History Rant #3: The Church Condemned Tarot
The Church condemned tarot and the Inquisition put the screws on tarot readers – an urban legend that just won’t die.
It’s true that in the old days, priests ranted about vices like dice and cards, and town councils passed laws against them. But these prohibitions were aimed at games that encouraged the lower classes to waste time instead of working. It must have been terribly aggravating to find your valet in the pantry shooting dice with the kitchen boy instead of polishing your boots or buffing your armor.
A Sunday hellfire sermon against gambling and other vices was a useful tool for controlling the underclass. But the Church was careful not to antagonize the aristocracy by throwing a wet blanket on their leisure activities. Classifying chess and tarocchi as games of skill skirted around the anti-gambling laws.
Back in 2003, on the now-defunct Yahoo Group Tarot_L, Mary Greer, Michael Hurst and Ross Gregory Caldwell discussed this and posted quotes from books by Ruth Martin and Margaret Rosenthal (see references below).

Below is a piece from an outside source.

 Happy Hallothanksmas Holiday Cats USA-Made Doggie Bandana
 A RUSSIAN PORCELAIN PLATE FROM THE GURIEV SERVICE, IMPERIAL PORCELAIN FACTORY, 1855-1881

These quotes give evidence that setting up an altar with candles and the tarot Devil card, then praying to the devil for assistance, was not unheard of in the 16th century, and would get you unwelcome attention from the Inquisition. The Devil card is mentioned twice in the records of the Venetian Inquisition, but it’s notable that negative attitudes toward the Devil do not bleed over into the deck itself. The Inquisitors say nothing about tarot being a work of the Devil, or a bad influence that should be suppressed; and there’s no mention of the deck being used for divination.
I suspect the idea of tarot being heretical has so much traction because it gives the deck a delicious air of danger and subversion that it didn’t have back in the days when it was primarily a card game.
Witchcraft and the Inquisition in Venice, 1550-1650, by Ruth Martin. Basil Blackwell Ltd. 1989.
The Honest Courtesan: Veronica Franco, Citizen and Writer in Sixteenth Century Venice, by Margaret F. Rosenthal. U of Chicago Press, 1992.